If the pilot, which doesn't completely resolve itself in two hours, is not picked up for series, Moore said it could continue in another medium, such as comic book form or as another TV movie.

"We've talked about all those possibilities. It depends on where we go after the broadcast," he added. "Sometimes these things have a bigger life that blossoms a few weeks after the broadcast."

But with dense, sci-fi shows like “Terminator: The Sarah Connor Chronicles” getting canceled and “Dollhouse” just barely earning a surprise renewal, “Virtuality's” situation seems even more precarious. Moore, who was able to juggle “Virtuality” with cable sci-fi shows “Battlestar Galactica” and “Caprica” thanks to the proximity of their Vancouver sets, expressed concern over the state of network television and reinforced the need for patience on the network's side.

“I think it's a difficult time for the networks in general. Everybody in the business has a sense that television is changing right underneath our feet,” he said. “While we all say we're going to be ahead of the curve, nobody has an idea of what it's changing to. That sort of anxiety and lack of knowledge of where we're going contributes to an atmosphere of panic and of fear.”

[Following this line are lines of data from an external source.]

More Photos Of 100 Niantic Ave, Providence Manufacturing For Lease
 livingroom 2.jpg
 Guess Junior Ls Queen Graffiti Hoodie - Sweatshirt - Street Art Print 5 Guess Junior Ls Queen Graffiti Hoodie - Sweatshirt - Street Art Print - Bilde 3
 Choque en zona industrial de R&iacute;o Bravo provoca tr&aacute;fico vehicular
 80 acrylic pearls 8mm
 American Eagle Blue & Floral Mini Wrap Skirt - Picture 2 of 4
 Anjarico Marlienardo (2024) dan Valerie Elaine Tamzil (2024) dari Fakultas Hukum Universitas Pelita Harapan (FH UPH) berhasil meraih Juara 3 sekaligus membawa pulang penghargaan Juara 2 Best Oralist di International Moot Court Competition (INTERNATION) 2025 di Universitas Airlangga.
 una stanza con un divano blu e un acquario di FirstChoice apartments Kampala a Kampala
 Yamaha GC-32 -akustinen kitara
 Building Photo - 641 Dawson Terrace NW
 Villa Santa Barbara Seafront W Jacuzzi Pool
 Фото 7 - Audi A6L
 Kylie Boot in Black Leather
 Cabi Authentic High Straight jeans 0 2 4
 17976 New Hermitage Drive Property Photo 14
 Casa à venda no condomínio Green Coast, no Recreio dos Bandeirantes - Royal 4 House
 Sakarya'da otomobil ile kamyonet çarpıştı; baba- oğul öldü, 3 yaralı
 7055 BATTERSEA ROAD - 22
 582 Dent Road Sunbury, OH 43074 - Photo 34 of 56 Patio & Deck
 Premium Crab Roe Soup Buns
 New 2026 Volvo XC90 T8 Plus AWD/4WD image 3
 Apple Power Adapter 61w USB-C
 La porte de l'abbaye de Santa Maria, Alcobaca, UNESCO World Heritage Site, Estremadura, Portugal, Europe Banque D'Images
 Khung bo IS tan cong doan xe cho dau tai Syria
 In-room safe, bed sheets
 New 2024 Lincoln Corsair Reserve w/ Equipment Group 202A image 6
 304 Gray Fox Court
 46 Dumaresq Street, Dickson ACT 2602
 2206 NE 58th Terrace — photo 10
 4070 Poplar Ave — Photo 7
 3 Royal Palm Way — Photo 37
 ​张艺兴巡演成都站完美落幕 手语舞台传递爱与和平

Moore thinks that panic is to blame for many shows getting pulled from the airwaves far too quickly. He pointed out that many of TV's most successful shows started out on uncertain ground, singling out “Seinfeld” as an example of a show that eventually went on to become both extremely lucrative and a critical favorite after a rocky start.

“There's certainly a strong argument for having patience and faith and trusting your audience and trusting your instincts and going with programming,” Moore said. “Unfortunately, we're in an atmosphere where everyone is just afraid and everyone' really worried what's going to happen next week. I would not want to be in charge of one of these networks because it would be really hard to know how I'm supposed to program this thing.”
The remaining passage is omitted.